*** Exercise data Section Begins ***

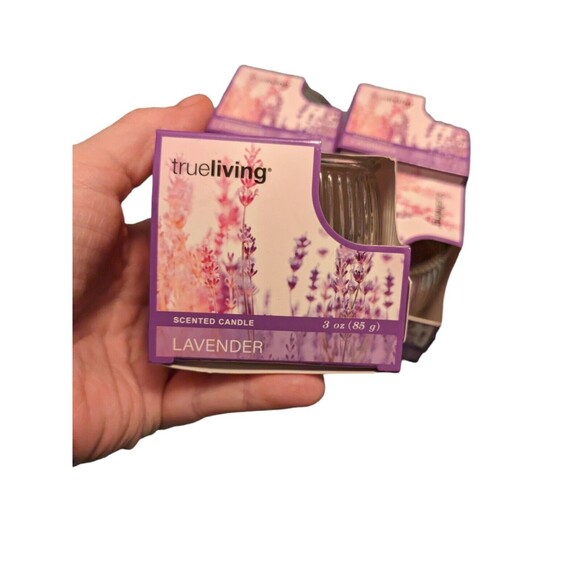 True Living Candles LAVENDER 4 x 3 oz Round trueliving 1 Wick Candles NEW - Picture 4 of 6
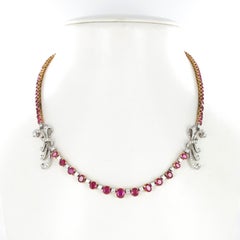 Gorgeous Burmese Ruby and Diamond Necklace in Platinum and 18 Karat Gold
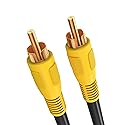 Cmple - RCA Subwoofer Cable 100 ft Digital Coaxial Audio Cable Composite Audio/Video Cord 1-RCA Cable Male to Male Coaxial RCA Cables for Home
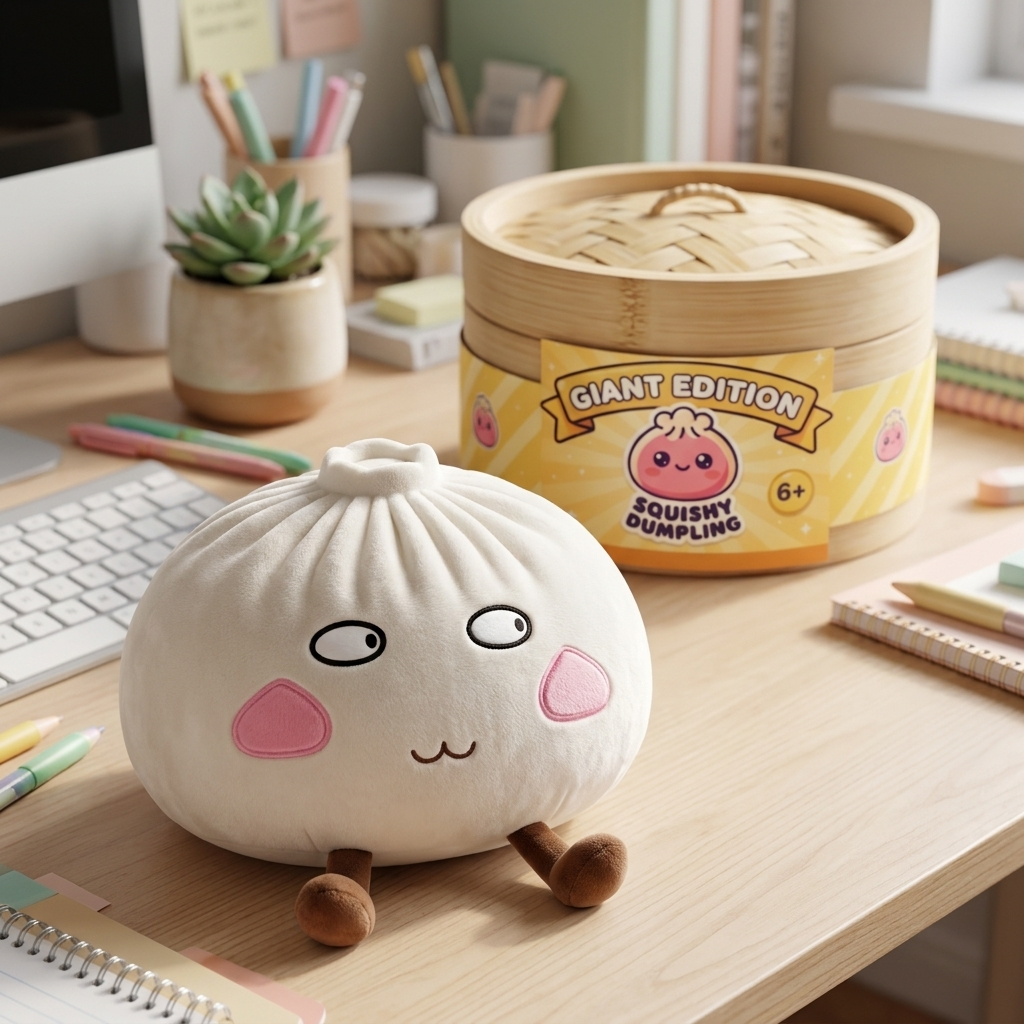 Squishy Dumpling Giant Stolt i sin kawaii-miljö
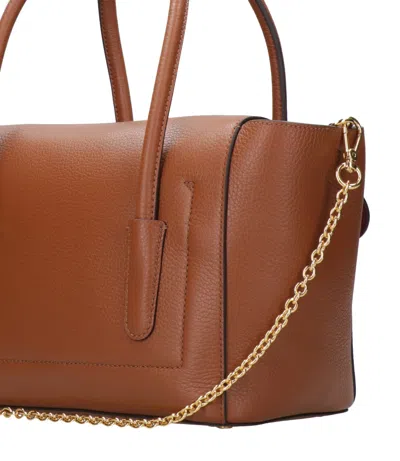 Coccinelle Structured Calfskin Shopper Bag With Gold-tone Accents In Brown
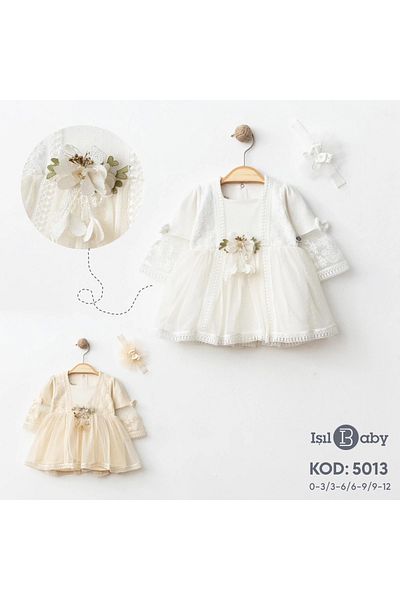 For My Baby Işıl Baby- Baby Girl Dress Tulle Laced Floral Special Day, Party, Mevlüt Dress Baby Wedding Dress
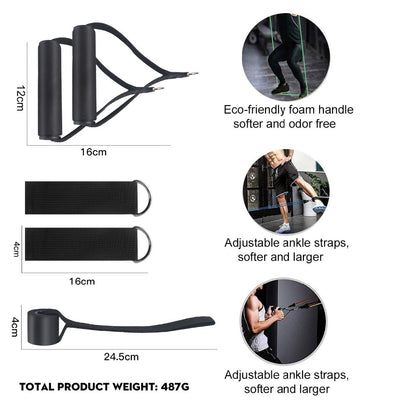 Resistance bands set with latex tubes and nylon accessories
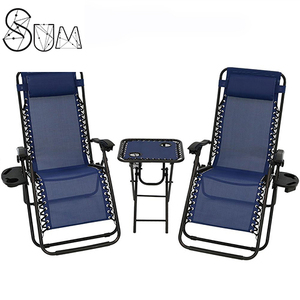 <span class=keywords><strong>2</strong></span> pcs Zéro Gravité Inclinable Jardin bain de Soleil Chaise Longue <span class=keywords><strong>Transat</strong></span> Ensemble - Product Image 2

*** Exercise data Section Ends ***

### Work item
Write out exactly, and only, the lines from the line holding "Cmple - RCA" through the end of the data, inclusive, without any pictures.

### Response
 Cmple - RCA Subwoofer Cable 100 ft Digital Coaxial Audio Cable Composite Audio/Video Cord 1-RCA Cable Male to Male Coaxial RCA Cables for Home
 Squishy Dumpling Giant Stolt i sin kawaii-miljö
 Coccinelle Structured Calfskin Shopper Bag With Gold-tone Accents In Brown
 For My Baby Işıl Baby- Baby Girl Dress Tulle Laced Floral Special Day, Party, Mevlüt Dress Baby Wedding Dress
 Resistance bands set with latex tubes and nylon accessories
 <span class=keywords><strong>2</strong></span> pcs Zéro Gravité Inclinable Jardin bain de Soleil Chaise Longue <span class=keywords><strong>Transat</strong></span> Ensemble - Product Image 2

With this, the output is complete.